### ACTION ITEM
In the material below, write out each line word for word and omit the pictures.

[[ EXERCISE DATA, beginning ]]

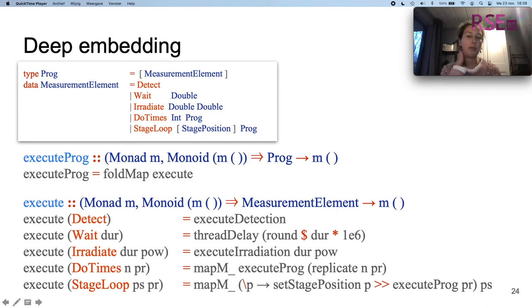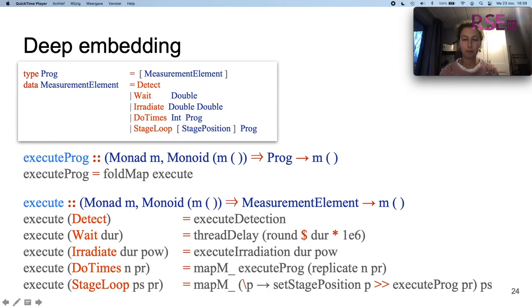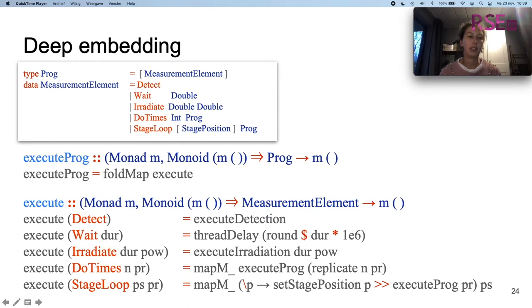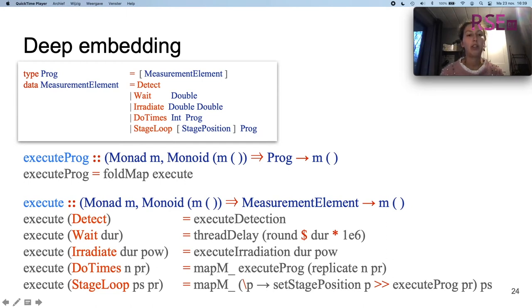In the deep embedding, we pattern match on the constructors to define the semantics in the execute function — this is actually the traversal of the abstract syntax tree. For example, if we execute wait for a certain duration, we actually call the function thread-delay, which is a function of our host language Haskell, so we can make use of it. As we are working in a Monad M, we also have control over the side effects happening in the program.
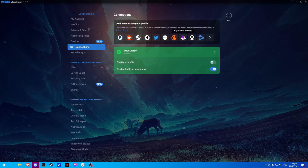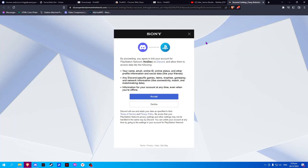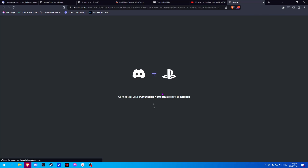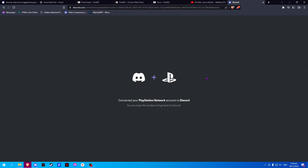Once you are here, simply locate the PlayStation Network icon and click on it, and this will redirect you to a browser. Here, if you have recently signed in with this browser on your PlayStation account, simply click on Accept and it will link your PlayStation and Discord.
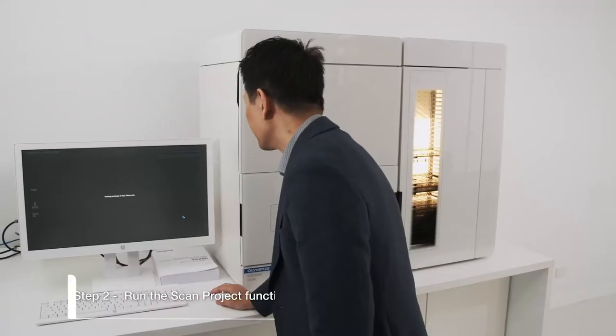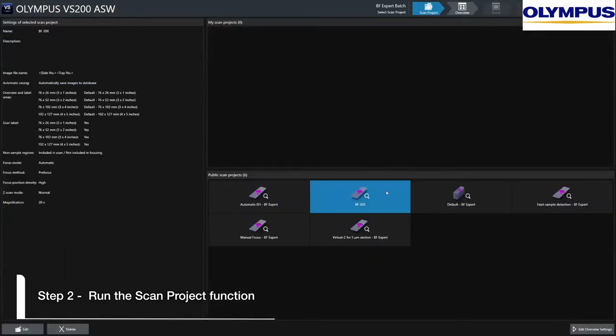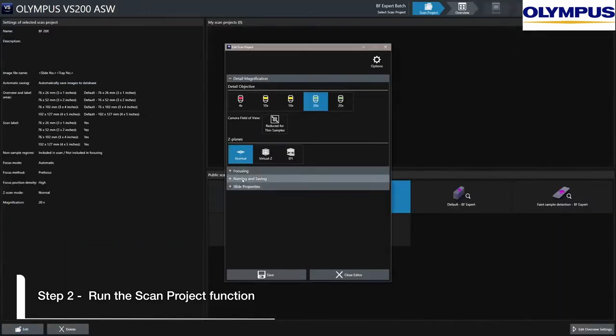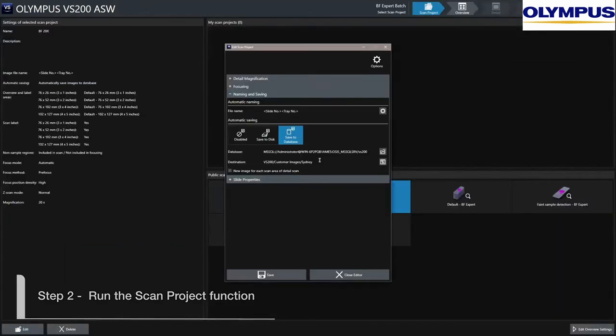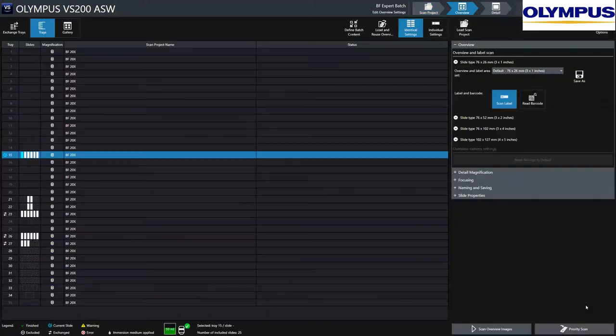Step 2. Run the scan project with the quick or expert batch mode to customise the system settings. Save the image location to server or local.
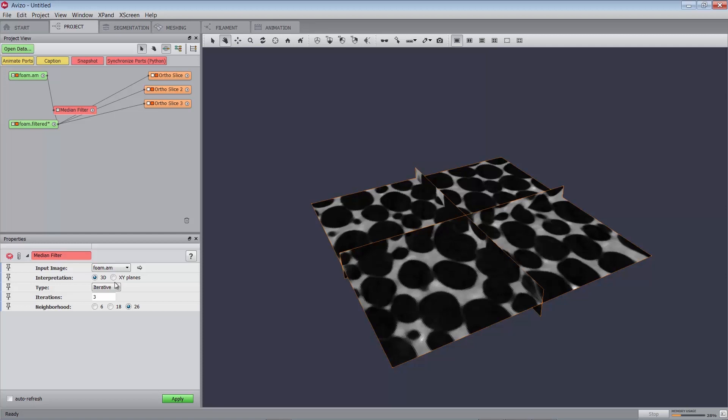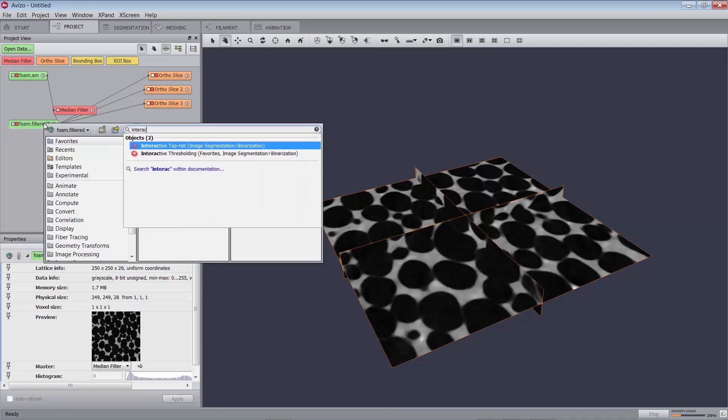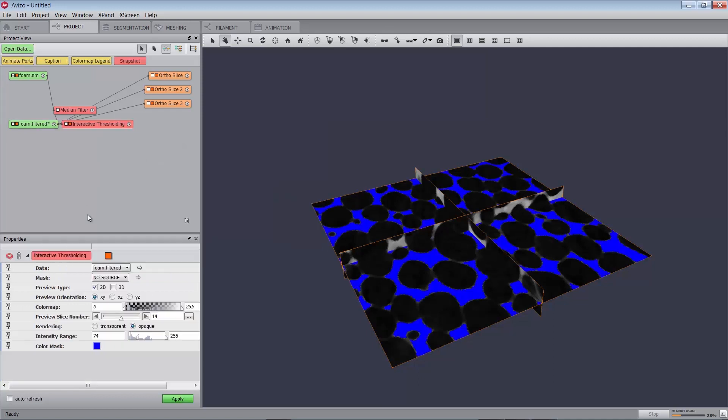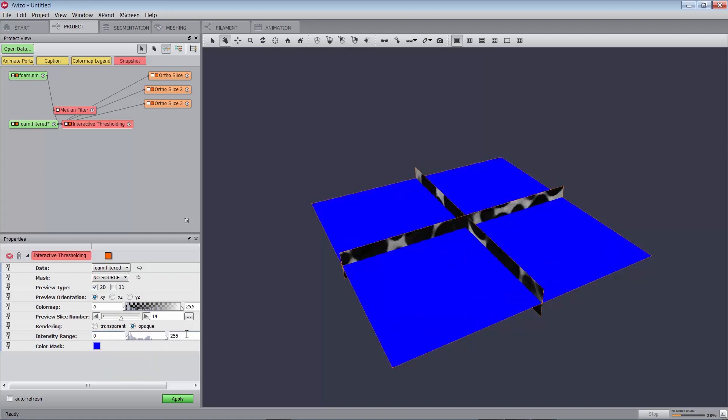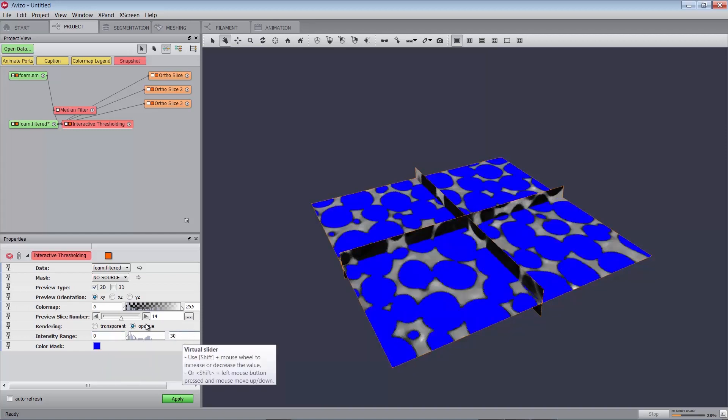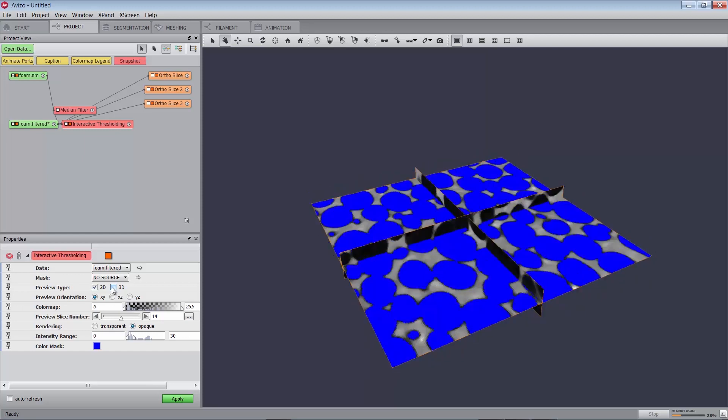Threshold binarization can be done with the interactive thresholding module, which enables you to set the levels with visual feedback. Let's attach an interactive thresholding module to the filtered data. You can interactively modify the threshold values with immediate 2D or 3D visual feedback. The selected pixels appear blue in the displayed image. In the properties panel, you can set the intensity port to range 0 to 30, for instance. Check and uncheck the 3D option and the preview type port to get a 2D only or 3D preview. Press the apply button to start the module.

[[ EXERCISE DATA, end ]]

### RESPONSE TO THIS EXERCISE
In the deep embedding, we pattern match on the constructors to define the semantics in the execute function — this is actually the traversal of the abstract syntax tree. For example, if we execute wait for a certain duration, we actually call the function thread-delay, which is a function of our host language Haskell, so we can make use of it. As we are working in a Monad M, we also have control over the side effects happening in the program.
Once you are here, simply locate the PlayStation Network icon and click on it, and this will redirect you to a browser. Here, if you have recently signed in with this browser on your PlayStation account, simply click on Accept and it will link your PlayStation and Discord.
Step 2. Run the scan project with the quick or expert batch mode to customise the system settings. Save the image location to server or local.
Threshold binarization can be done with the interactive thresholding module, which enables you to set the levels with visual feedback. Let's attach an interactive thresholding module to the filtered data. You can interactively modify the threshold values with immediate 2D or 3D visual feedback. The selected pixels appear blue in the displayed image. In the properties panel, you can set the intensity port to range 0 to 30, for instance. Check and uncheck the 3D option and the preview type port to get a 2D only or 3D preview. Press the apply button to start the module.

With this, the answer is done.